But an ethics commission would not be enough to fix the county's shameful political culture. Ethics commissions focus on objective rules about campaign donations, gifts, lobbying and similar concerns. Those types of violations pale compared to the scandals that repeatedly have rocked San Bernardino County.
An ethics commission could not prevent top county officials from taking bribes, as happened in the 1990s. Nor could it prevent the county assessor from creating an unqualified executive staff that did political work at taxpayers' expense, as Bill Postmus did upon becoming assessor in 2007.
San Bernardino County needs to abandon a political tradition that puts self-interest ahead of the public good, favors well-connected insiders over taxpayers and uses government as a personal gravy train. County politicians should discard the longstanding attitude that official misconduct is only an issue when it threatens their particular agendas.
Proposals such as Derry's might help, if not watered down into meaninglessness. But neither an ethics commission nor a sunshine ordinance can change that pattern. The county will continue to see recurrent government scandals as long as the political community keeps enabling corruption.
That sounds majorly important but remember what happened in Riverside? What happened was one of the sadder stories of micromanagement that can be taken from City Hall's Era of Micromanagement.
As you recall, the Charter Review Committee in July 2004 recommended that Measure DD be placed on the ballot that if passed, would place language in the charter to bring an ethics code and complaint process to Riverside.
In November 2004, Measure DD passed with over 73% of the vote, which should have sent a loud message to the city government that this was something its constituents really wanted put in place. In January 2005, Section 202 was added to the city's charter and the process was put together through the help of a committee created of city residents from each ward.
And where can you find information about the ethics code on the city's Web site? On its front page? No, Hidden on the City Clerk's page. And you have to have Adobe Acrobat Reader on your computer to access it.
Here's the FAQS in English and the FAQS in Spanish. The resolution is also included on this page.
If you read the FAQS and the resolution, the problems with the whole process are readily apparent especially in terms of complaints filed against city council members or the mayor. Why? Because as you can see, the complaints go to the Mayor's Nomination and Screening Committee and who's on that committee? The mayor and three city council members. And yes, while members of that committee aren't allowed to hear complaints against them and other members are substituted in their place, the political dynamic is such that any city council member who's ever heard a complaint (and believe it or not of the complaints filed only one made it past the city attorney's office) is going to automatically side with the council member it's against, just as Councilwoman Nancy Hart did when hearing a complaint filed against former Councilman Dom Betro several years ago. The council members at least of that time were too politically dependent on each other for votes that they couldn't really challenge each other in any meaningful way.

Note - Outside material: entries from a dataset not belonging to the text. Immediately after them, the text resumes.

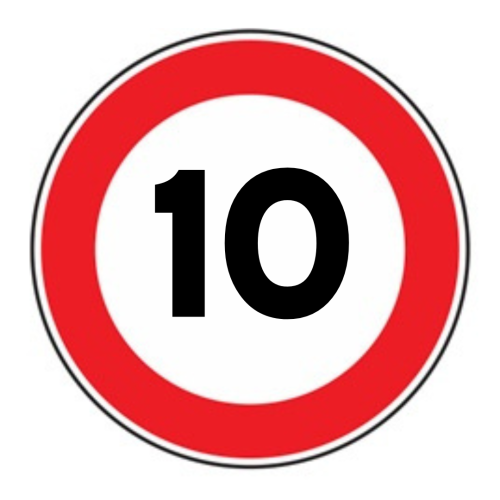 Limite massimo di velocità 10 km/h - B - Alluminio CL.1 60cm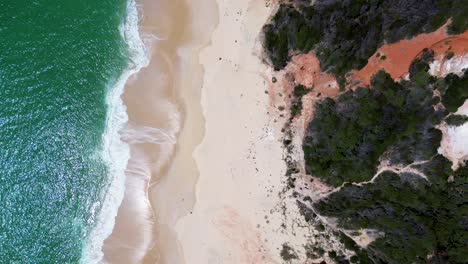 Zumbido-Aéreo-Vista-De-Pájaro-Paisaje-Arena-Playa-Océano-Formación-Rocosa-Pista-Para-Caminar-Viajar-Turismo-Parque-Nacional-Beowa-Pinnacles-Eden-Nsw-Australia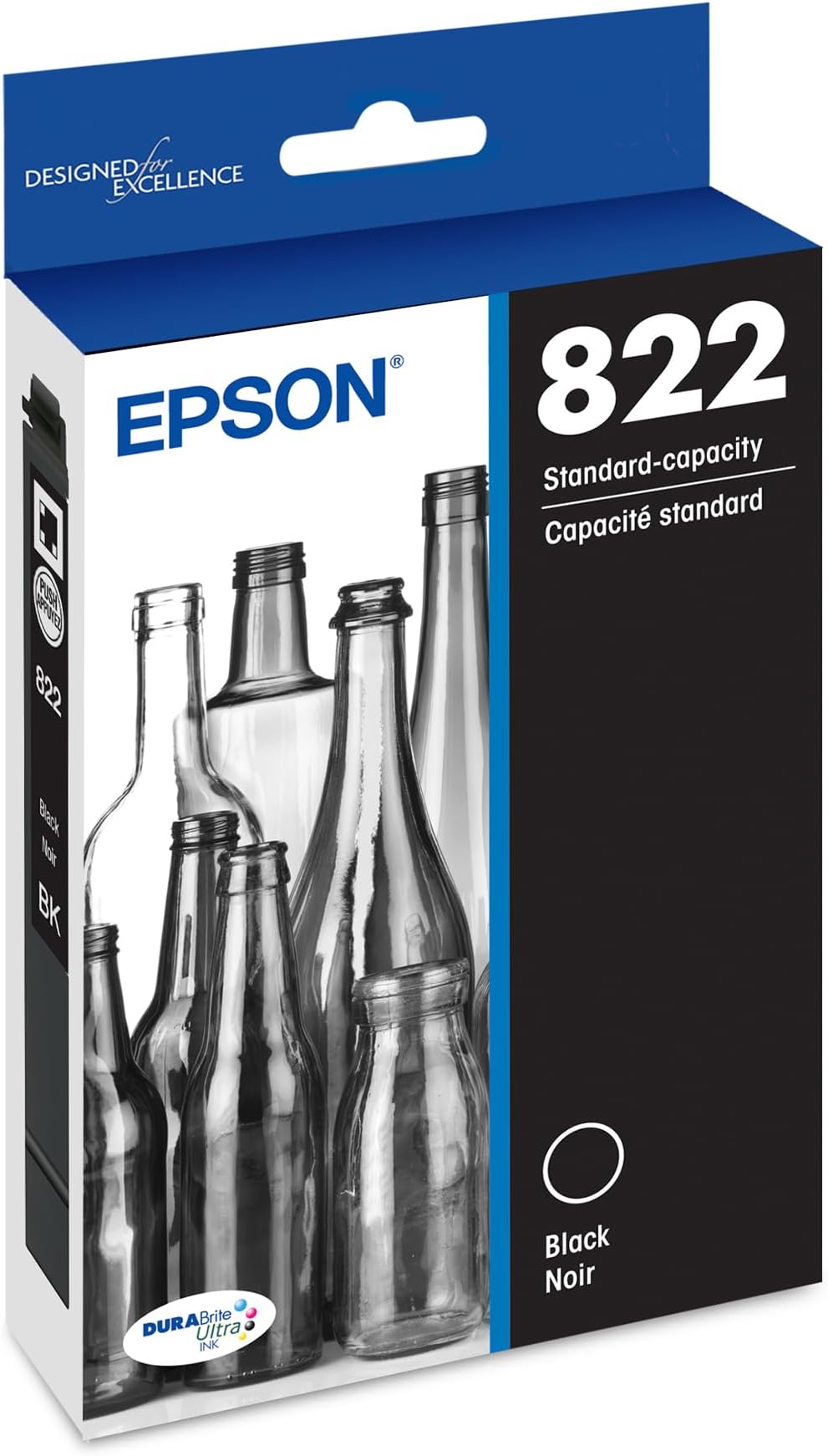 822 DURABrite Ultra Ink Standard Capacity Black Cartridge (T822120-S) Works with WorkForce Pro WF-3820,3823, 4820, 4830, 4833, 4834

The most interesting part of the complaint process which adds to the conflict of interest is that the city attorney's role was only meant to be in an advisory capacity yet the Mayor and Nomination Committee turned the entire process of judge and jury to City Attorney Gregory Priamos and he deftly through one weakly crafted excuse or another kept several complaints against Betro and Councilman Steve Adams from even making it to that committee. The Governmental Affairs Committee then chaired by Former City Councilman Frank Schiavone even had an impromptu meeting one July with Betro on board to change the rules midstream about when city officials could be subjected to complaints even though there was an active complaint against Betro in the pipeline. Self-serving quests and conflict of interest issues didn't get much more blatant than that.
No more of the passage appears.